* _WHAT TO PRODUCE_
From the line containing "Maison Creste (04280)" to the final line of the entries, copy each line exactly. Pictures stay out.

*** Opening EXTRACTED INFORMATION ***

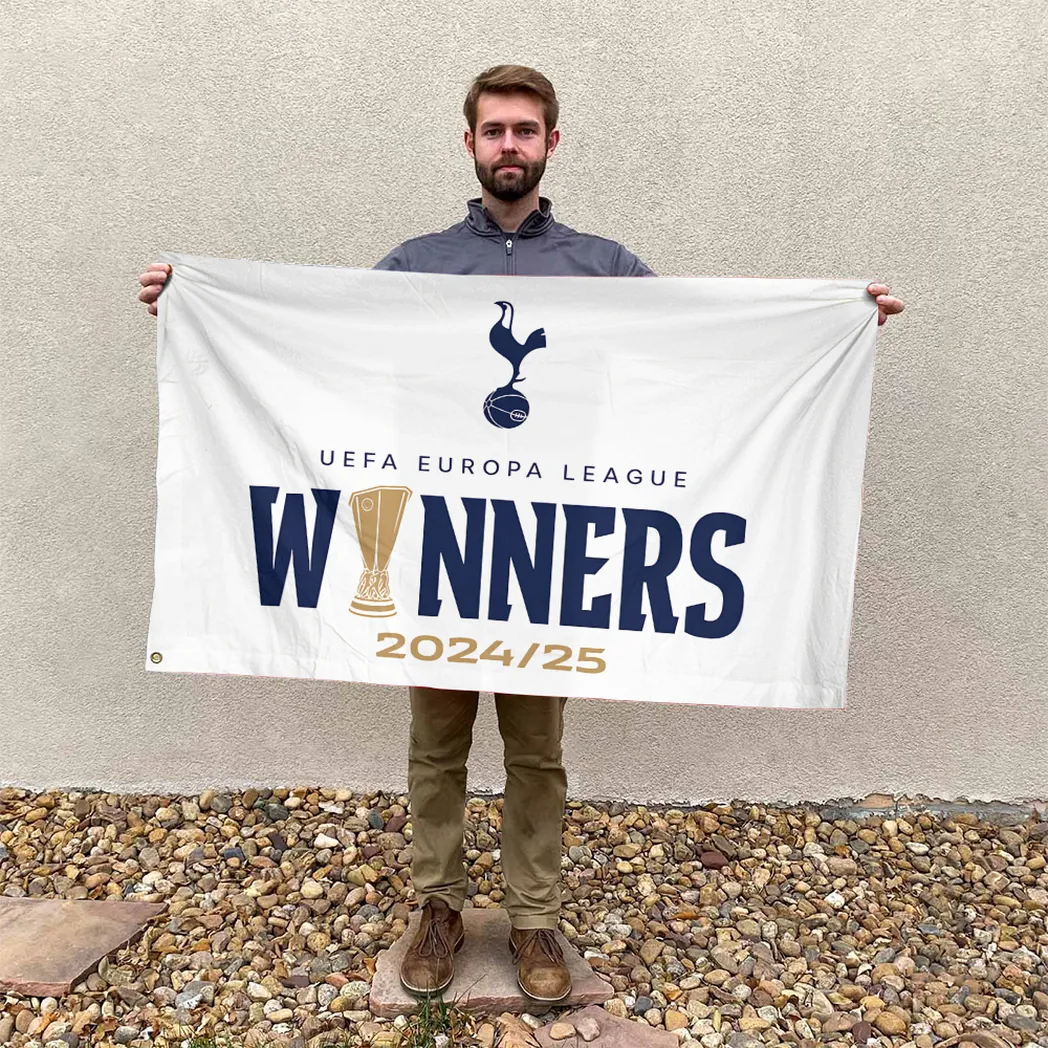 EPL82052225897-2.webp EPL82052225897 2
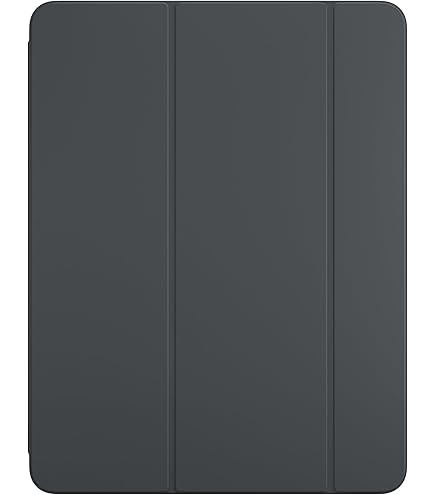 Amazon.co.jp: 13インチiPad Pro(M4)用Magic Keyboard - 英語(US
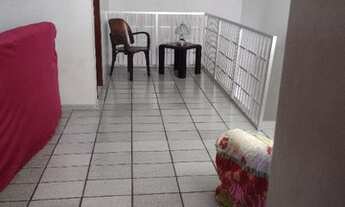 Imagem 6: Casa com 4 dormitórios à venda por R$ 370.000,00 - Ponto Novo - Aracaju/SE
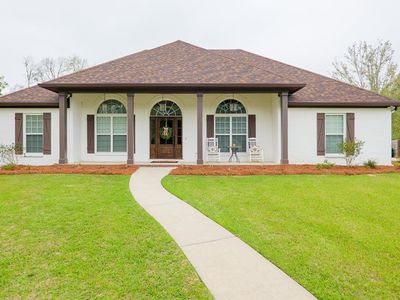 4510 Mahan Dr, Hahira, GA, 31632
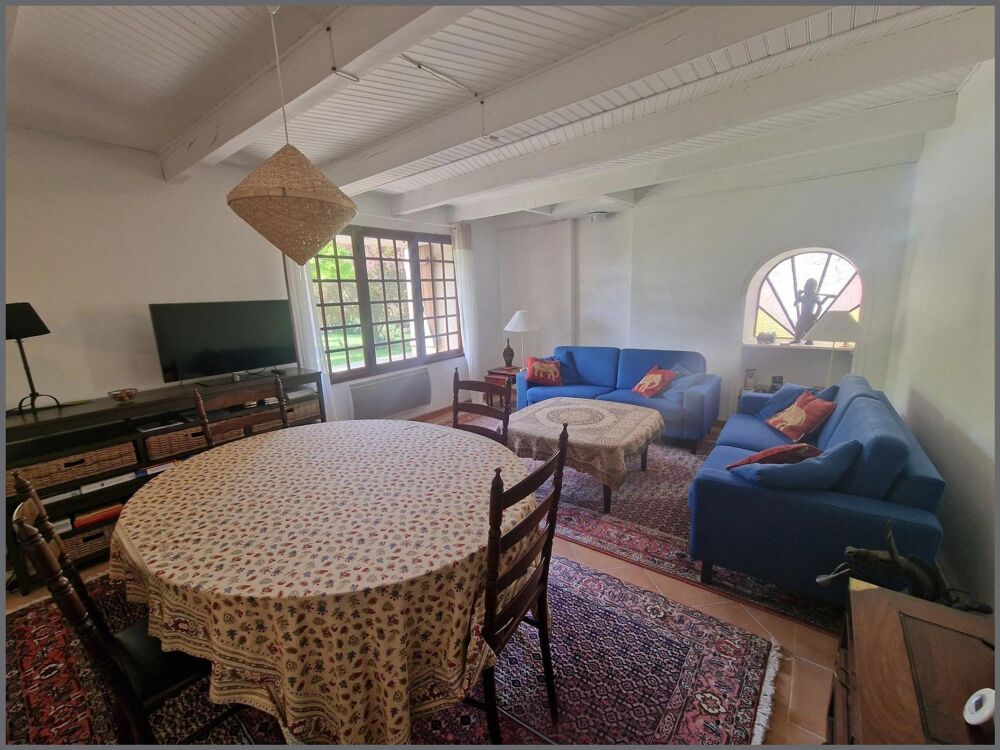  vendre  Maison Creste (04280)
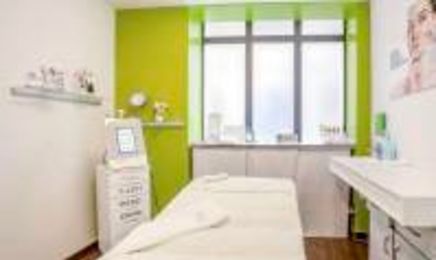 Le BAP - Bain Aux Plantes institut et centre d'expertise : Institut de beauté à Strasbourg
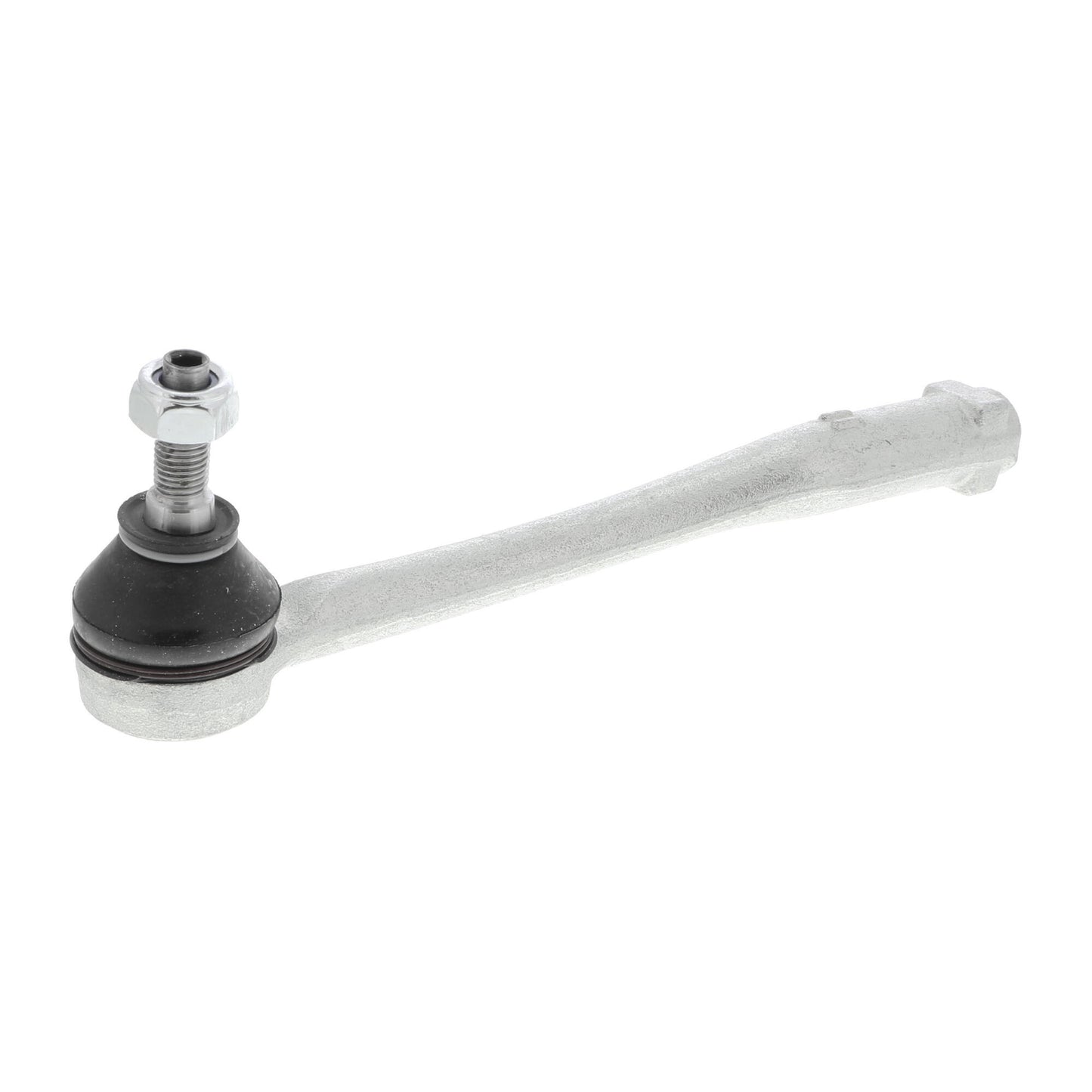 VAICO Tie Rod End V42-9553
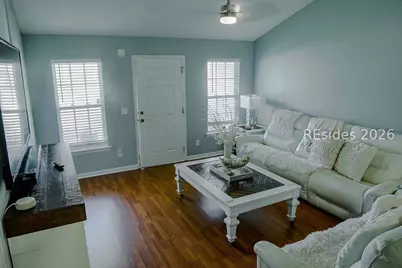 69 Morningside Drive, Bluffton, SC 29910 - Photo 4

*** Closing EXTRACTED INFORMATION ***

* _THE COMPLETED TASK_
  vendre  Maison Creste (04280)
 Le BAP - Bain Aux Plantes institut et centre d'expertise : Institut de beauté à Strasbourg
 VAICO Tie Rod End V42-9553
 69 Morningside Drive, Bluffton, SC 29910 - Photo 4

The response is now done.